● **Instructions to follow**: Return the data below exactly, but only from the line containing "Imagen de la" through the line containing "Jeans Factory Clothes", with both of those lines included.

● **Supplied material**:
○ ○ ○

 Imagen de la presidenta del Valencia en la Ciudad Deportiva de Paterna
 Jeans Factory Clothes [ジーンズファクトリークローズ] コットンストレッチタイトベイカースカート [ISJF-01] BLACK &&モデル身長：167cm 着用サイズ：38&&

○ ○ ○

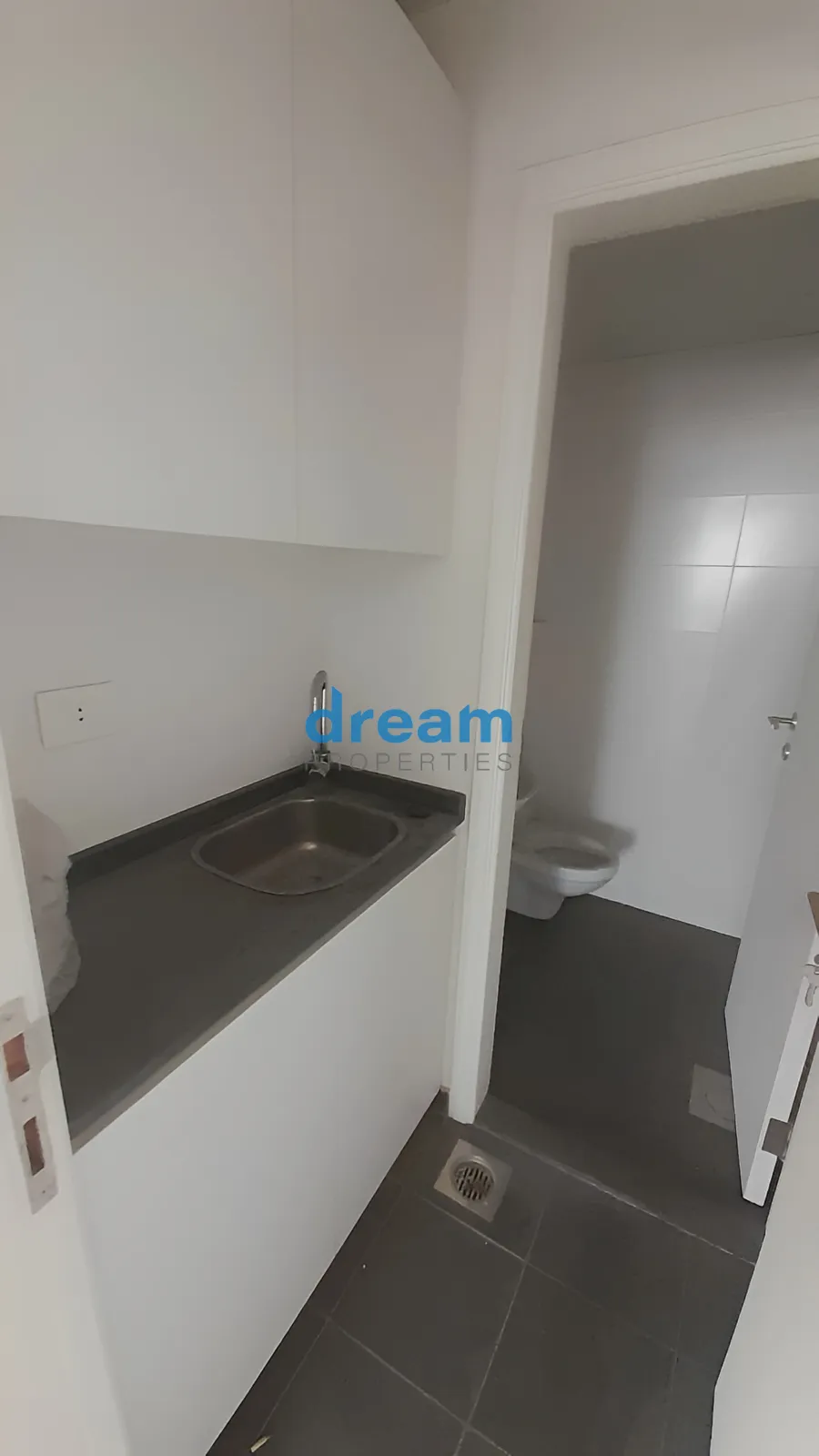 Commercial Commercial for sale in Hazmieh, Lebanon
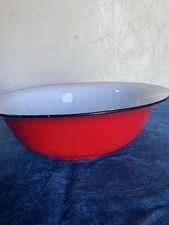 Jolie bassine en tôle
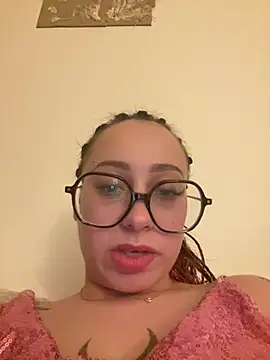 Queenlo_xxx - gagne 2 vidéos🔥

○ ○ ○

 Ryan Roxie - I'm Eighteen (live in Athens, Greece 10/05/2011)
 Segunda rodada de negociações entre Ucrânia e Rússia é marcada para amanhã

○ ○ ○

● **Written response**:
 Imagen de la presidenta del Valencia en la Ciudad Deportiva de Paterna
 Jeans Factory Clothes [ジーンズファクトリークローズ] コットンストレッチタイトベイカースカート [ISJF-01] BLACK &&モデル身長：167cm 着用サイズ：38&&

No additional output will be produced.